Concrètement, la résolution demande:
au Conseil européen de Göteborg d'adopter une « stratégie commune » de l'UE sur le Moyen-Orient, sur la base des propositions de M. Solana, en coopération avec M. Moratinos ;
au Conseil et à la Commission, d'évaluer les violations que constitue l'usage disproportionné de la force par l'armée israélienne (qui, dit la résolution, n'est pas conforme aux principes de l'accord d'association UE/Israël) et d'"en tirer les conclusions nécessaires" (254 pour, 149 contre et 55 abstentions);
à la Commission et aux Etats membres de prendre des « mesures décisives » pour remédier à toute violation par Israël des règles d'origine prévues par l'accord commercial UE/Israël, pour « éviter toute complicité indirecte dans l'activité d'implantations illégales »;
aux Etats membres, de proposer au Conseil de sécurité de l'ONU l'envoi d'une mission d'observation dans les territoires palestiniens.

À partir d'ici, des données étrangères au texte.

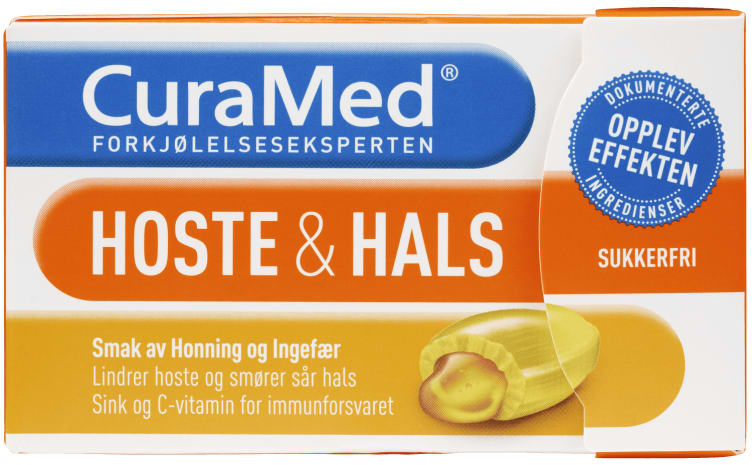 Bilde av Curamed Hoste&Hals Honning 16stk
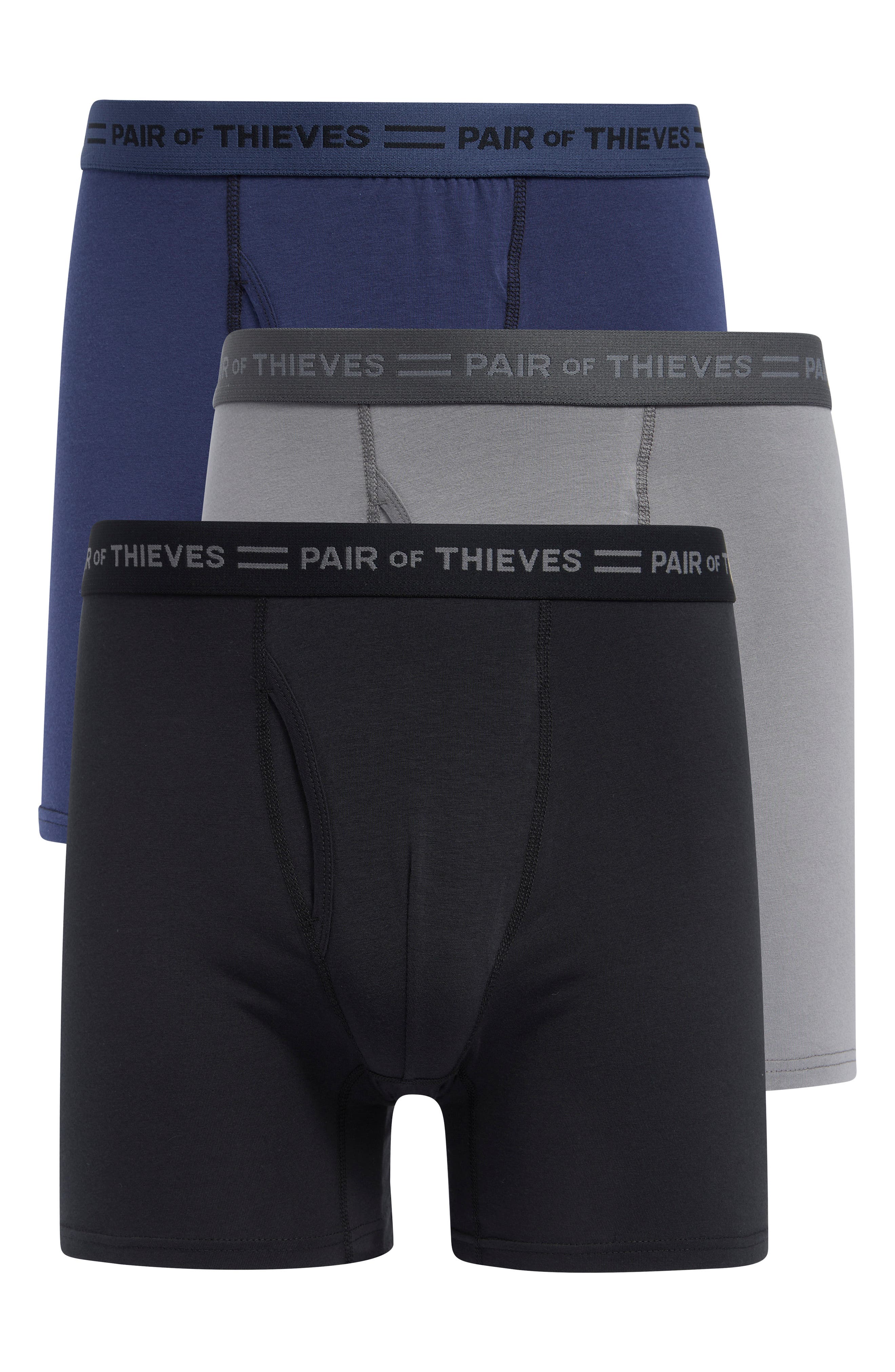3-Pack Cotton Boxer Briefs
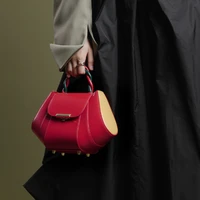 hot selling leather bag womens messenger bag dumpling bag new shoulder handbag fashion retro trend niche design bag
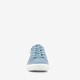 Suede dames sneakers lichtblauw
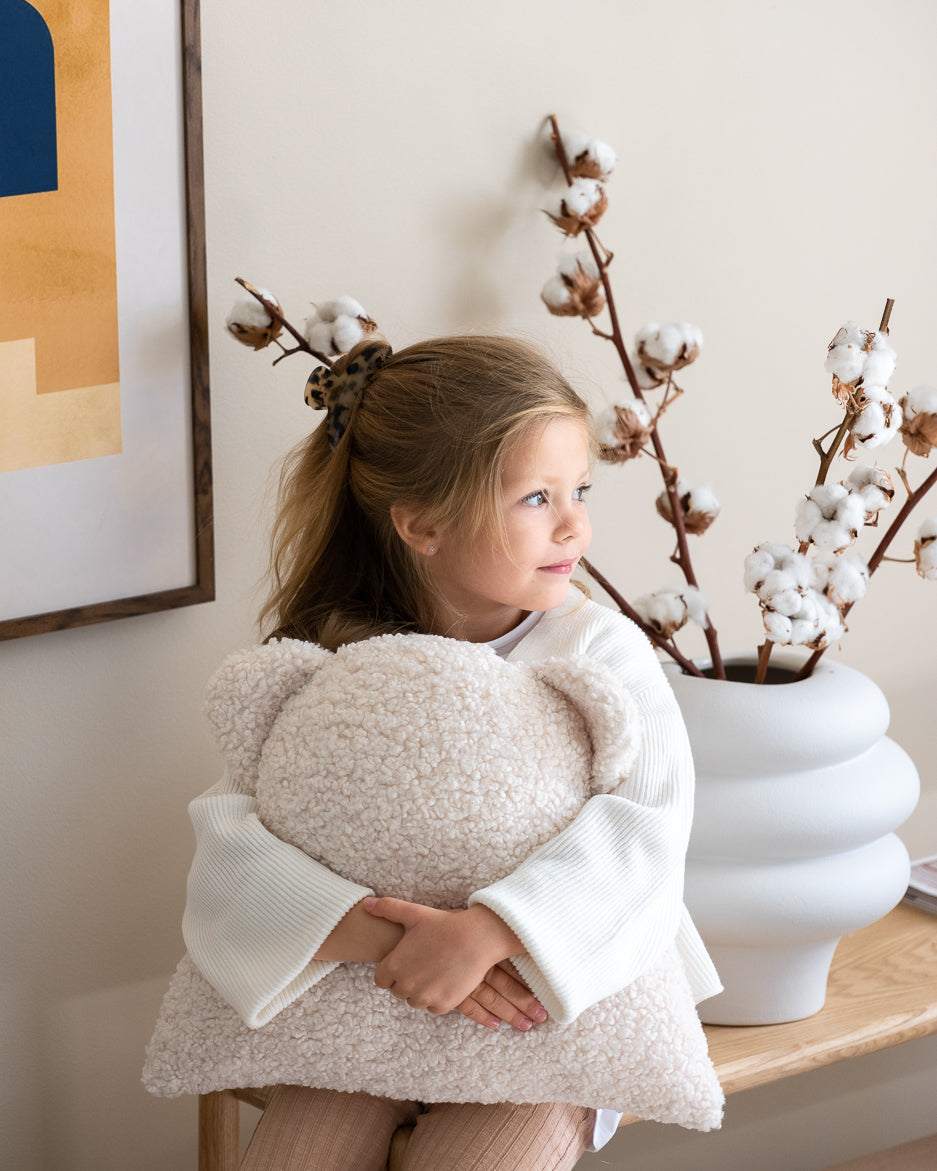 Bear Cushion/ Cream White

La co-présidente israélienne de la délégation interparlementaire PE/Knesset déplore certains points
de la résolution du Parlement européen
Les co-présidents de la délégation interparlementaire pour les relations avec Israël, M. Galeote Quecedo (Partito popular, espagnol) et Mme Dayan (parti travailliste), ont affirmé, dans une conférence de presse à Strasbourg, leur appui aux propositions de la Commission Mitchell (le premier exemple d'effort commun de l'Union et des Etats-Unis pour la relance du processus de paix au Moyen-Orient, a constaté M. Galeote). Il y a six mois, nous avons « presque touché la paix », a dit Mme Dayan: elle est maintenant plus éloignée mais elle reste la seule solution possible. Pour l'obtenir, chacune des parties doit accepter des compromis, et l'Union peut contribuer à cet effort, mais pas dans les termes de la résolution du Parlement européen. Le PE n'est pas un tribunal international, il ne doit pas nous attribuer toute la responsabilité de l'échec du processus de paix, a dit Mme Dayan, en précisant qu'elle « parle » avec Yasser Arafat et les Palestiniens. Nous reconnaissons que la situation des Palestiniens est intolérable, a dit la parlementaire israélienne, mais nous demandons qu'ils mettent fin à des actes de terrorisme qui empêchent le retour à la table de négociation.